> _Directions for this task_: Your answer must be the lines from the one containing "Full Body Workout" through the last line of the records below, copied exactly, with the pictures left out.

<<<<

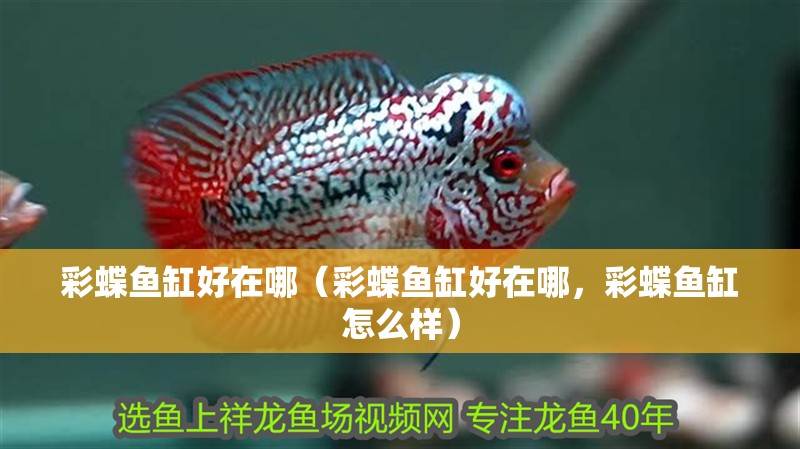 彩蝶魚缸好在哪（彩蝶魚缸好在哪，彩蝶魚缸怎么樣）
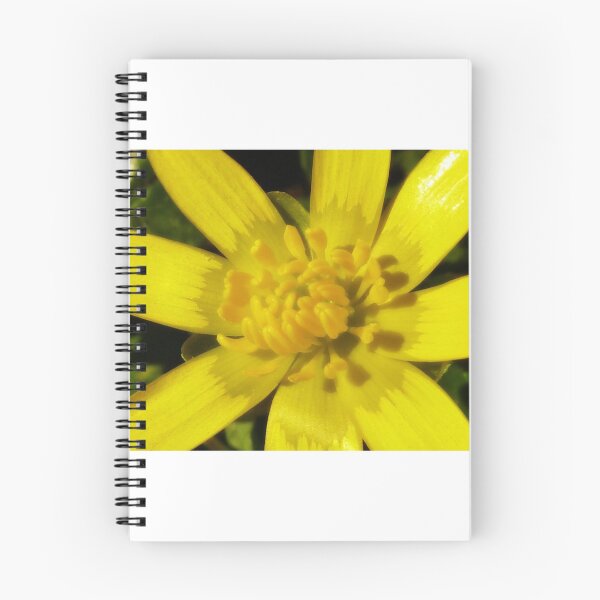 Artikelvorschau, Gelbe Blume entworfen und verkauft von Mmark94.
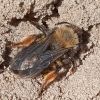 Andrena clarkella ? Andrena bicolor ?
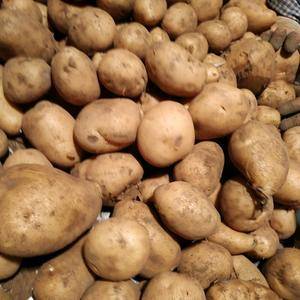 春节以过本社出售土豆原种及微型薯，品种有226，雪川红，...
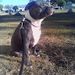 Profile Picture of Don Fixer (@donfixer) on Pinterest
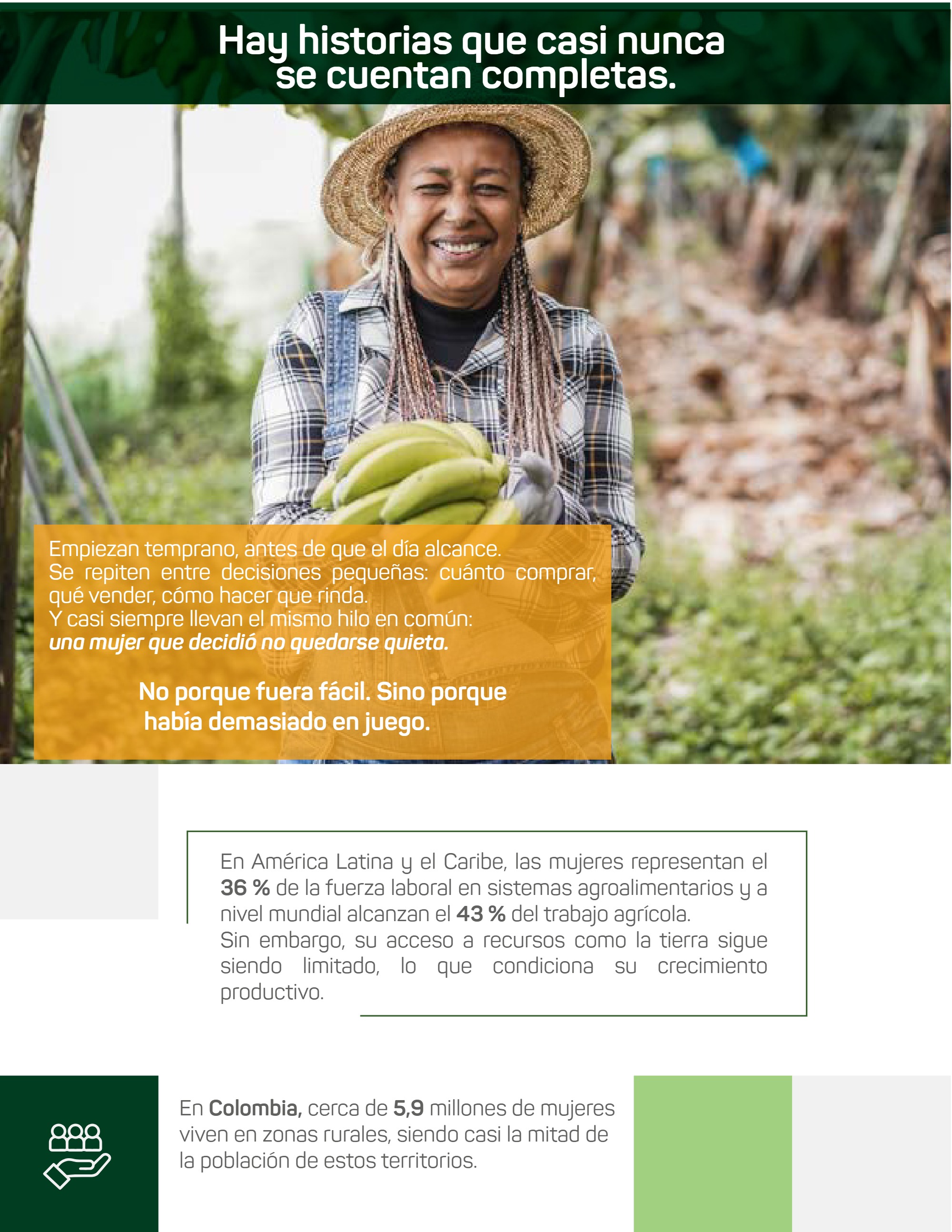 Boletín Fundación Amanecer — page 3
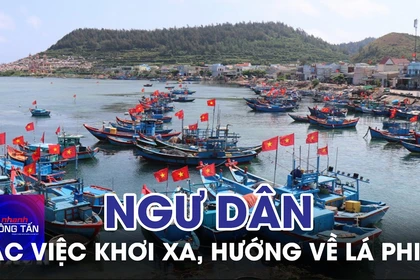 Quảng Ngãi: Ngư dân gác việc khơi xa, hướng về lá phiếu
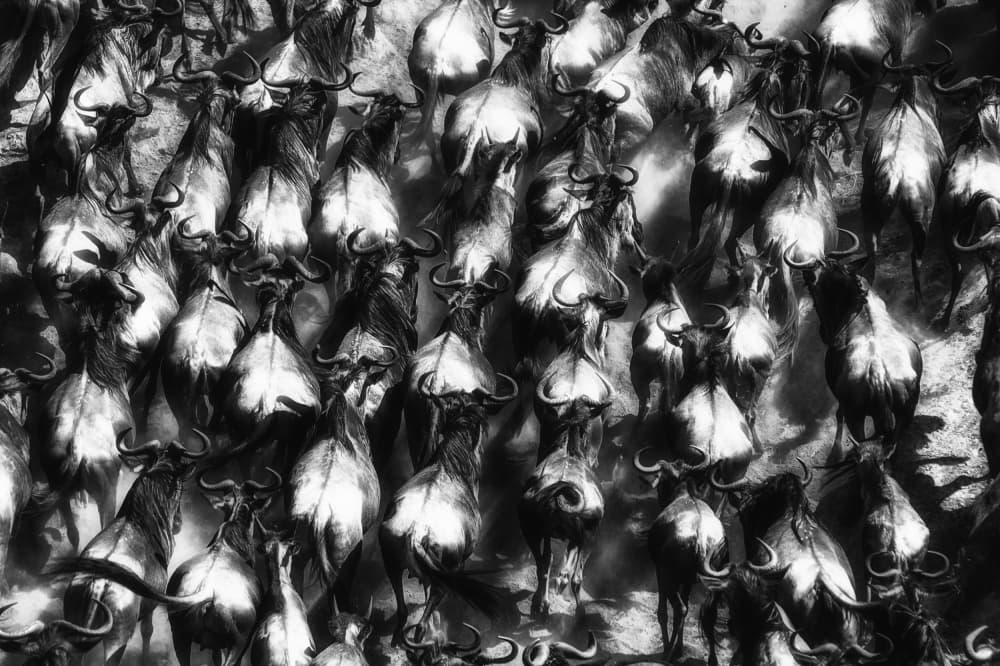 Massive Wildebeest Migration by Mohammed Alnaser — canvas wall art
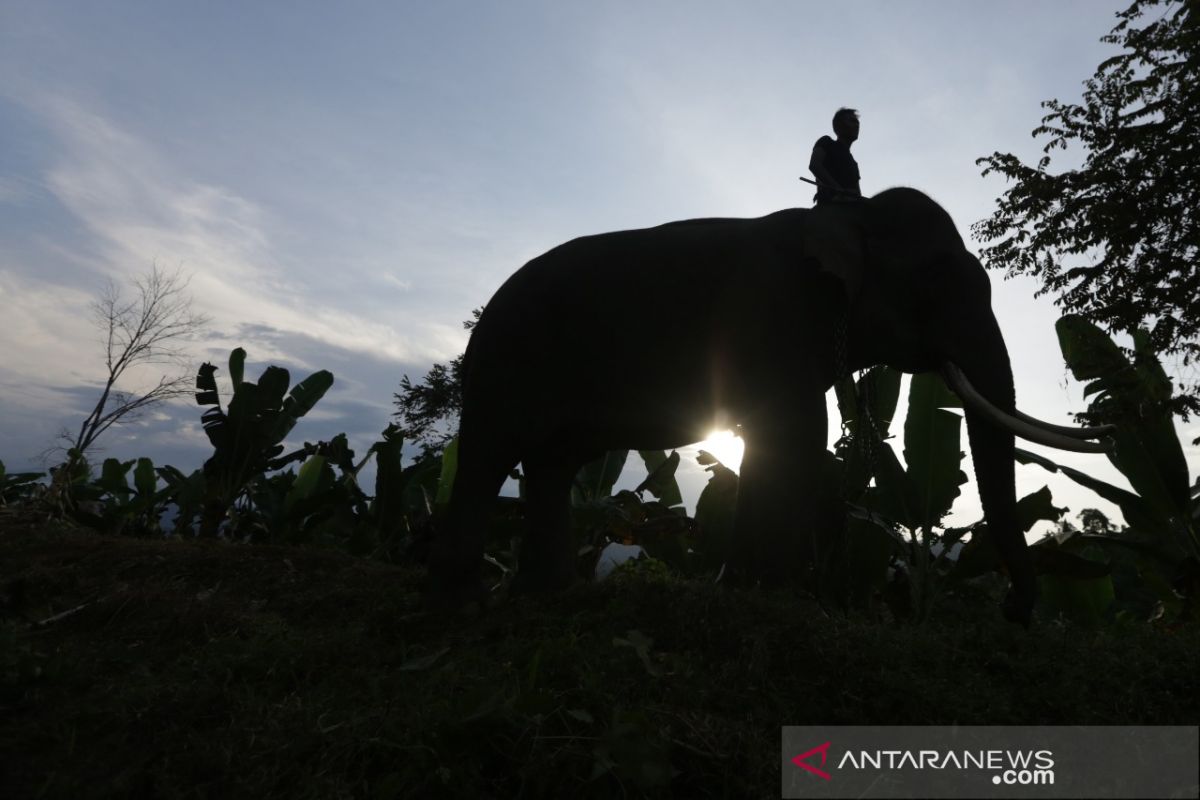 Gajah Jinak BKSDA Aceh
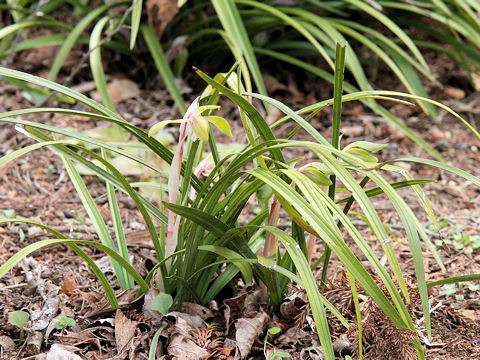 好きなお花は何ですか？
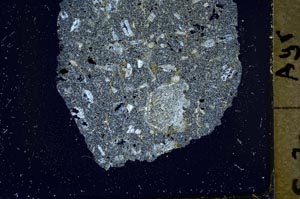 Cross Polarized, S37033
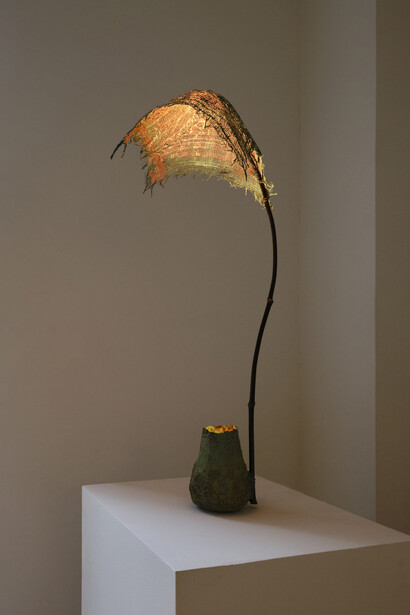 Aki+Arnaud Cooren, Under the reef, exhibition view. Courtesy of Carpenters Workshop Gallery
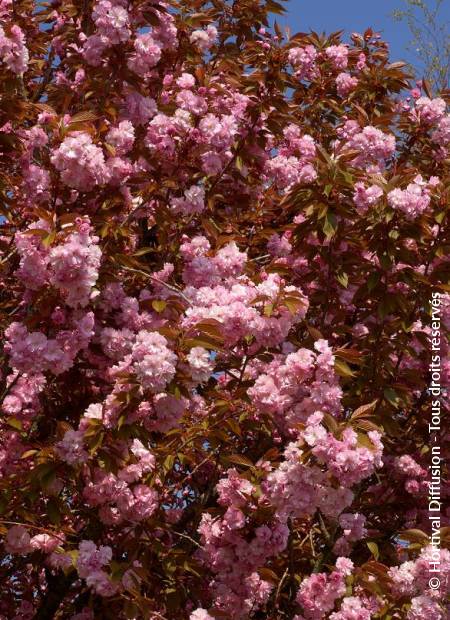 © Hortival Diffusion - Tous droits réservés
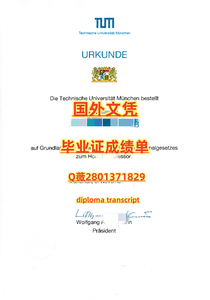 422慕尼黑工业大学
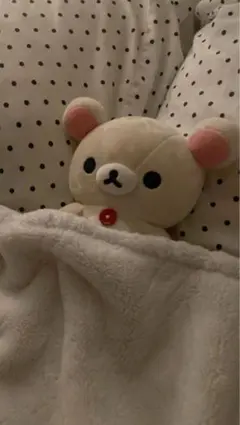 サリー様専用
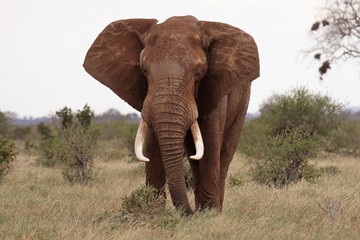 Plakat head of an elephant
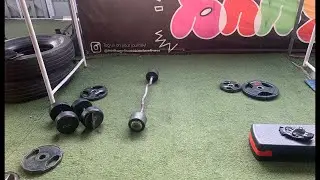 Full Body Workout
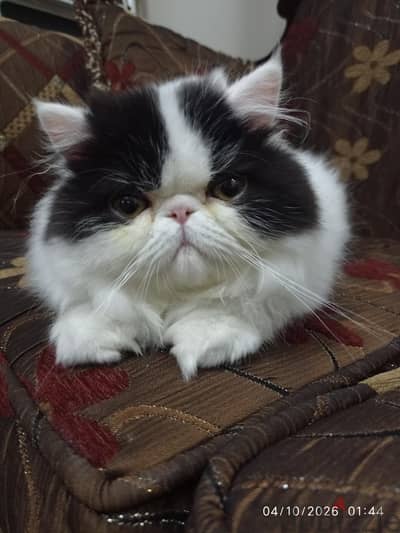 قطه بنت بكي فيس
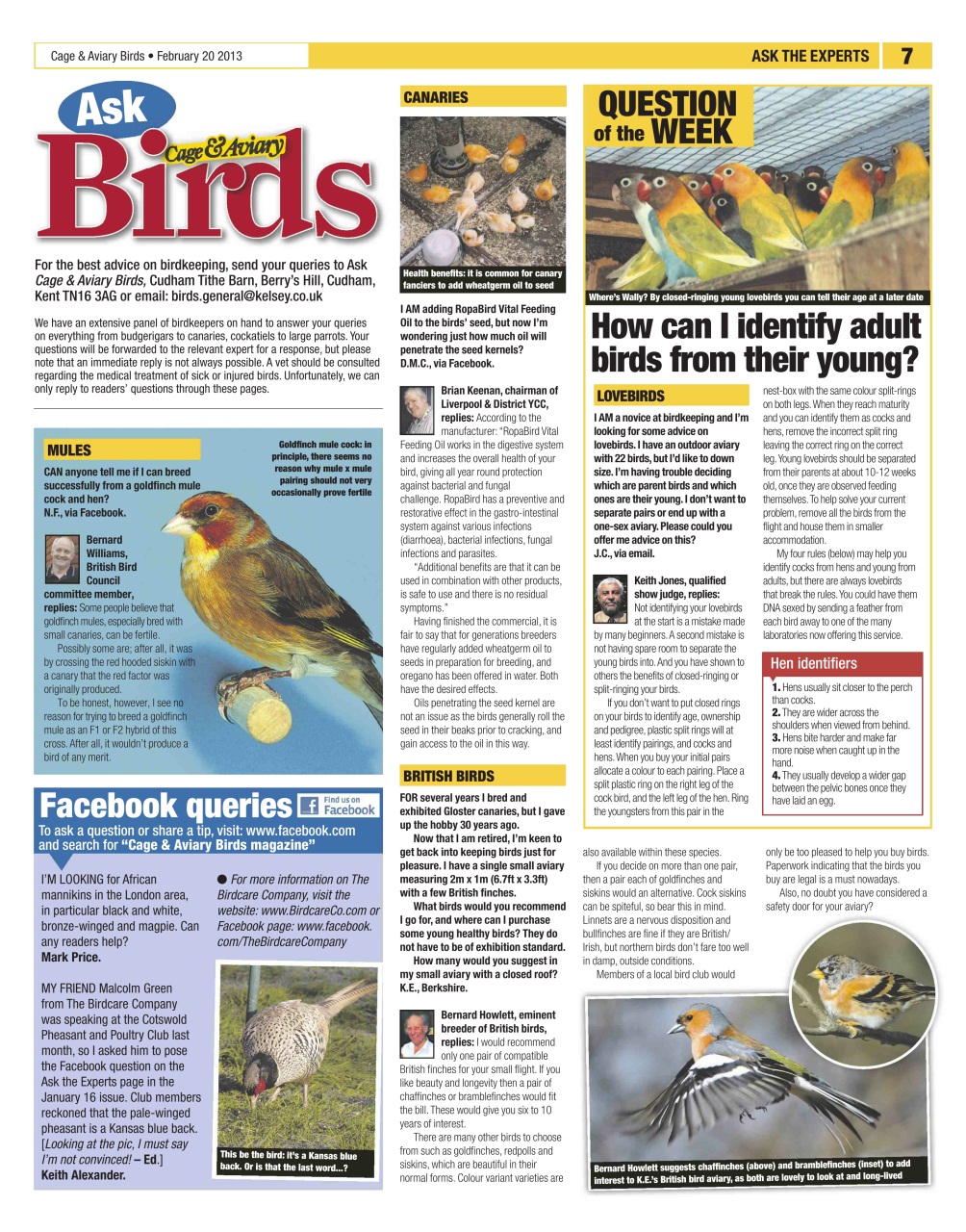 Cage & Aviary Birds Preview Pages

>>>>

> _Solution to the exercise_:
 Full Body Workout
 قطه بنت بكي فيس
 Cage & Aviary Birds Preview Pages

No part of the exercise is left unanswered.